O chefe do Escritório Nacional de Processos Eleitorais (ONPE, na sigla em espanhol), Piero Corvetto Salinas, renunciou ao cargo nesta terça-feira (21) em razão da crescente pressão sobre os resultados das eleições gerais que estão atrasados. Ele compartilhou a sua carta de demissão no X (ex-Twitter).

Salinas, em outra ocasião, reconheceu os atrasos logísticos no processo eleitoral, mas negou a ocorrência de irregularidades. Os atrasos na apuração oficial geraram alegações de fraude por parte de vários candidatos e pedidos de substituição do chefe do ONPE por líderes empresariais e parlamentares.

Após o pleito de 12 de abril, observadores da União Europeia (UE) informaram não ter encontrado evidência de fraude no processo eleitoral peruano.

Na segunda-feira (20), as autoridades eleitorais do Peru começaram a revisar milhares de cédulas contestadas devido a inconsistências, falta de informações ou erros nas folhas de contagem. O processo atrasou ainda mais os resultados finais.

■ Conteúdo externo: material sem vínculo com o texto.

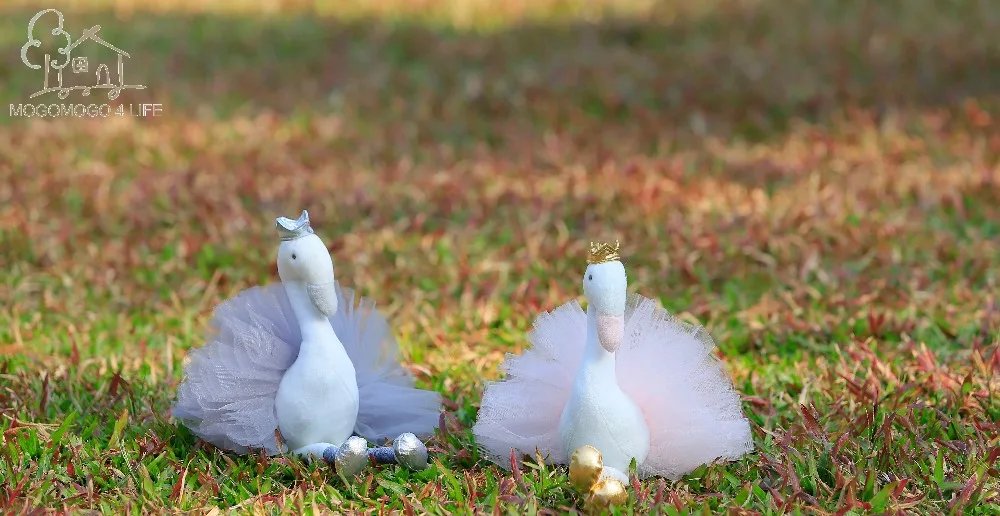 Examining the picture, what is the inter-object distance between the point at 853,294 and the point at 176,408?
6.45 ft

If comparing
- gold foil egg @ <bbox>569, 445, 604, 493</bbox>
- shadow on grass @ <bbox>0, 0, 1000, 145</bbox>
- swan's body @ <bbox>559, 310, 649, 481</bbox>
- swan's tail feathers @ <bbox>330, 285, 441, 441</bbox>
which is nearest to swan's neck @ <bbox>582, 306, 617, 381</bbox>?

De acordo com o Júri Nacional de Eleições (JNE), o resultado do primeiro turno da eleição presidencial será conhecido até 15 de maio.

A apuração oficial dos votos praticamente não mudou desde sexta-feira (17). Com quase 94% das cédulas apuradas, a candidata Keiko Fujimori estava com cerca de 17% dos votos, de acordo com a ONPE. O congressista de esquerda Roberto Sánchez e o ultraconservador Rafael López Aliaga permaneciam em uma disputa apertada pelo segundo lugar, com 12,0% e 11,9% dos votos, respectivamente — uma margem de aproximadamente 14.000 votos que continua a flutuar.